T. Don Tilley (born in Norman, Oklahoma, November 22, 1954) is a professor of chemistry at the University of California, Berkeley.

== Career ==
In 1977, Tilley received his B.S. degree in chemistry from the University of Texas. In 1982, he earned his Ph.D. degree from the University of California, Berkeley for his research on organolanthanide chemistry with Professor Richard A. Andersen.

Afterwards, he conducted post-doctoral research with Prof. Robert H. Grubbs and Prof. John E. Bercaw at the California Institute of Technology and with Luigi Venanzi and Piero Pino at ETH in Switzerland, during which he developed the chemistry of the (pentamethylcyclopentadienyl)ruthenium fragment ([Cp*Ru]).

He started his independent research career at UC San Diego in 1983, where he was promoted to associate professor in 1988, and to Professor in 1990. In 1994, he accepted appointments as a professor of chemistry at UC Berkeley and Faculty Senior Scientist at the Lawrence Berkeley National Laboratory (LBNL).

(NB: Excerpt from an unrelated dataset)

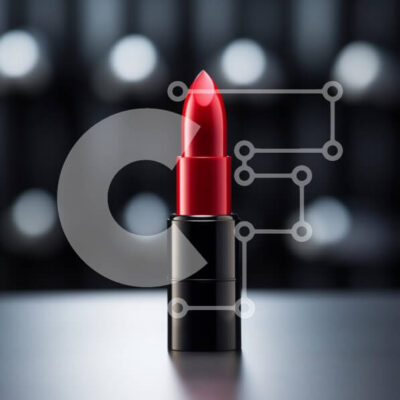 Intra Συλλεκτικό Ξύλινο Παζλ Plywood  4mm - Κομψό κόκκινο κραγιόν σε μαύρο φόντο Σε Ξύλινο Κουτί - Διαστάσεις: 10x10 cm – 25 κομμάτια - Image 1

Throughout his career, he has published over 430 papers on various subjects in organometallic and inorganic chemistry, as well as materials science. Since 2005, Tilley has also served as the North American Associate Editor for Chemical Communications.

== Research ==
Tilley's research group conducts exploratory synthetic, structural, and reactivity studies of inorganic and organometallic systems. His research program includes: organometallic chemistry and homogenous catalysis, materials chemistry and heterogenous catalysis, organic electronic materials, supramolecular chemistry, and solar energy conversion.

==Awards and honors==
- Alfred P. Sloan Fellowship (1988)
- Union Carbide Innovation Recognition Award (1991–92)
- Japan Society for the Promotion of Science Fellowship (1993)
- Alexander von Humboldt Award for Senior Scientists (1998)
- Fellow, American Association for the Advancement of Science (1998)
- ACS Award in Organometallic Chemistry (2002)
- Wacker Silicon Award (2003)
- Centenary Lectureship and Medal of the Royal Society (2007-8)
- CS Frederic Stanley Kipping Award in Silicon Chemistry (2008)
- Fellow, American Academy of Arts and Sciences (2013)
- Edward Mack, Jr. Lecture, OSU (2013)
- ACS Award for Distinguished Service in the Advancement of Inorganic Chemistry (2014)
- American Chemical Society Fellow (2014)

== Major publications ==
- Lipke, M.C.; Liberman-Martin, A.; Tilley, T.D.. "Electrophilic Activation of Silicon–Hydrogen Bonds in Catalytic Hydrosilations." Ang. Chem. Int. Ed. 56.9 (2017): 2260–2294.
- Nguyen, A.I.; Ziegler, M.S.; Oña-Burgos, P.; Sturzbecher-Hohne, M.; Kim, W.; Bellone, D. E.; and Tilley, T.D. "Mechanistic Investigation of Water Oxidation by a Molecular Cobalt Oxide Analogue: Evidence for a Highly Oxidized Intermediate and Exclusive Terminal Oxo Participation." J. Am. Chem. Soc. 137.40 (2015): 12865–12872.
- Gessner, V.H.; Tannaci, J.F; Miller, A.D; and Tilley, T.D. "Assembly of Macrocycles by Zirconocene-Mediated, Reversible Carbon−Carbon Bond Formation." Acc. Chem. Res. 44.6 (2011): 435–446.
- Sadow, A.D., and Tilley, T.D. "Homogeneous Catalysis with Methane. A Strategy for the Hydromethylation of Olefins Based on the Nondegenerate Exchange of Alkyl Groups and σ-Bond Metathesis at Scandium." J. Am. Chem. Soc. 125.26 (2003): 7971-7977
- Waterman, R.; Hayes, P.G. and Tilley, T.D. "Synthetic Development and Chemical Reactivity of Transition-Metal Silylene Complexes." Acc. Chem. Res. 40.8 (2007): 712–719.
- Tilley, T.D. "The Coordination Polymerization of Silanes to Polysilanes by a "σ-Bond Metathesis" Mechanism. Implications for Linear Chain Growth."Acc. Chem. Res. 26.1 (1993): 22–29.
- Tilley, T.D., Grubbs, R.H., Bercaw, J.E. "Halide, hydride, and alkyl derivatives of (pentamethylcyclopentadienyl)bis(trimethylphosphine)ruthenium." Organometallics, 3.2 (1984): 274–278.